Oh man, do I hate that.
I behave the way people expect autistic people to act when I overflow, so they assume I’m not smart or something. Then I stop trying.

Do you see other autistic people do this too? It sounds silly, but it is common. I think it explains the tantrums some kids have. They tantrum from fear, anxiety or stress, but oh how quickly it becomes anger if people try to stop it with “hands down” or “no” or “all done” to a teenager.

The train is stopped by rules and understanding.

4 responses to “Emotional Overflow

  1. Don’t stop trying, Ido, and keep expressing yourself! Writing about your thought processes and your daily struggle just to function “normally” in this world helps us to better understand you and others like you.

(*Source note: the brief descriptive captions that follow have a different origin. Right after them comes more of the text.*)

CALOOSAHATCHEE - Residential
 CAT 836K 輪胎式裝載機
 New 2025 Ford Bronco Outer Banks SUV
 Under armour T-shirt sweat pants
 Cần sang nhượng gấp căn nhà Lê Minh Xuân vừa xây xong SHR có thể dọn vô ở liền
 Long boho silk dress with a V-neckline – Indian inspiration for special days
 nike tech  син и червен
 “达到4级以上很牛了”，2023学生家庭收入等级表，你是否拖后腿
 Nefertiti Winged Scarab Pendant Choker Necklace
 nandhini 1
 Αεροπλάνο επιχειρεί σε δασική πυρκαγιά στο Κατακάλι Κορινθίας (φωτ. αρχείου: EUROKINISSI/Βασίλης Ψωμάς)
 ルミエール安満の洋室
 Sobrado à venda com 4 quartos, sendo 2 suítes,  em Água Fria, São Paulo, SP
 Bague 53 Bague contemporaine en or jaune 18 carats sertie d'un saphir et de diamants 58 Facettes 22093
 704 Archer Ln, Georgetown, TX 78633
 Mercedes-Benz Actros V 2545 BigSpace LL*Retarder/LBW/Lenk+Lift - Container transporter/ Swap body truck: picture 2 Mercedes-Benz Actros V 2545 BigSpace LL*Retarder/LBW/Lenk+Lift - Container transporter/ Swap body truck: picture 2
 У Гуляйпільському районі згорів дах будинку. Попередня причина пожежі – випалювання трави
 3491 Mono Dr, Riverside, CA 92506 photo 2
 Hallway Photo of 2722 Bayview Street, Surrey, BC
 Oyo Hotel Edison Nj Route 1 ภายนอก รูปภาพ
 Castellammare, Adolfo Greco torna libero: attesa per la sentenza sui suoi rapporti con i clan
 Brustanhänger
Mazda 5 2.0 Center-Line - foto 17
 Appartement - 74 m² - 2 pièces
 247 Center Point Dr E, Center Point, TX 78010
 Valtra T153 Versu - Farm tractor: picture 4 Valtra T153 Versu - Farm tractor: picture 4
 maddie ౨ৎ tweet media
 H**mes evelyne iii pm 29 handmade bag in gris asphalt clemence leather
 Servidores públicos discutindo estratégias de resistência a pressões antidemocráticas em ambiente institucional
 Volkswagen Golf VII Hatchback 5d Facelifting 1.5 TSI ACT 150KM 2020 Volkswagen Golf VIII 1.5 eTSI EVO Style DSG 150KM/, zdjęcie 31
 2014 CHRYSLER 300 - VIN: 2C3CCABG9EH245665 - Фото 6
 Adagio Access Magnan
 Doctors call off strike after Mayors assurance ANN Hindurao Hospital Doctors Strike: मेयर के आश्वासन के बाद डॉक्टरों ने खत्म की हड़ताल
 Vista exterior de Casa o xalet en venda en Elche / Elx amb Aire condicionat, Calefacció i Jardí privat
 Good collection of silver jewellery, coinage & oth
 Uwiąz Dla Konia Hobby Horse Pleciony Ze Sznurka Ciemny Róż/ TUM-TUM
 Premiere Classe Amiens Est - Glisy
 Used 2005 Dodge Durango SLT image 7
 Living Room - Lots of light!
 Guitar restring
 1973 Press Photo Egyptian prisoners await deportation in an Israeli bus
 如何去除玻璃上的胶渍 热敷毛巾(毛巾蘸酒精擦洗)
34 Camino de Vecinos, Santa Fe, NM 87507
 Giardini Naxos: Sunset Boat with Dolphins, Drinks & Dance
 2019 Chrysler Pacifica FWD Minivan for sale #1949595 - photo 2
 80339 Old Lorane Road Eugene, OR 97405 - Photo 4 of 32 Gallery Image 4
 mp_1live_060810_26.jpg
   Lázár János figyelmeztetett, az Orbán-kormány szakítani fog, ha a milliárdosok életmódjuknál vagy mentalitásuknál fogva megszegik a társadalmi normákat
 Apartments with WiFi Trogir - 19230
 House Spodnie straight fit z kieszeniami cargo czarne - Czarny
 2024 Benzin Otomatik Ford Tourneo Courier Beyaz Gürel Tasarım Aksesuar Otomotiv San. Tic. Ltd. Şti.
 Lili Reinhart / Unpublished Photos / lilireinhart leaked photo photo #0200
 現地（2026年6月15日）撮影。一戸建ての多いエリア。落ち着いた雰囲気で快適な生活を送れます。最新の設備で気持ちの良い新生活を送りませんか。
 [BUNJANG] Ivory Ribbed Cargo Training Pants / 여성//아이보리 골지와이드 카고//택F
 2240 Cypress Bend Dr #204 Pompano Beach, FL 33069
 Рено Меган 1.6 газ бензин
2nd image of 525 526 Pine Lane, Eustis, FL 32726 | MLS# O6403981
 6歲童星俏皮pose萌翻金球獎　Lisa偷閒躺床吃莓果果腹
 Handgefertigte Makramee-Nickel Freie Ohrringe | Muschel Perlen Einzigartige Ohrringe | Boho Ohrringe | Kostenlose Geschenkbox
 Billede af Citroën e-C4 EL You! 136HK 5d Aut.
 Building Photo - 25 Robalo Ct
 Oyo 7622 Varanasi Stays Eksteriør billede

  2. Ido, I have a couple of questions. First, what are some ways that you are able to calm yourself when you feel your emotions beginning to bubble up? Second, I was very struck by your comment about being a teenager and still being spoken to like a little boy. It is definitely a common occurrence. I do notice, however, that even some smart teenage boys with autism seek out entertainment (videos, books) that are very young. Do you have any thoughts about that? Possibly topics for future blog posts 🙂

  3. Thanks for the topics. I’ll be in touch too.
    Exercise, walking and cooking shows help me relax.

  4. Dear Ido
    I read your book Ido in Autism Land in fall 2015. That time things were dark, I did not know what to do. I was fighting the school for the right education and right place for my son, at that time he was 6 years old. He was denied for academic skill. We ask the school to teach him 4 letters A,B,C,D and 1 to 5 but they said he was not capable of learning. we pull him from school in last day of October 2017 and we started from scratch to teach letters, numbers, colors and shapes. After 5 weeks we noticed he learn or new his letters and numbers 1 to 10.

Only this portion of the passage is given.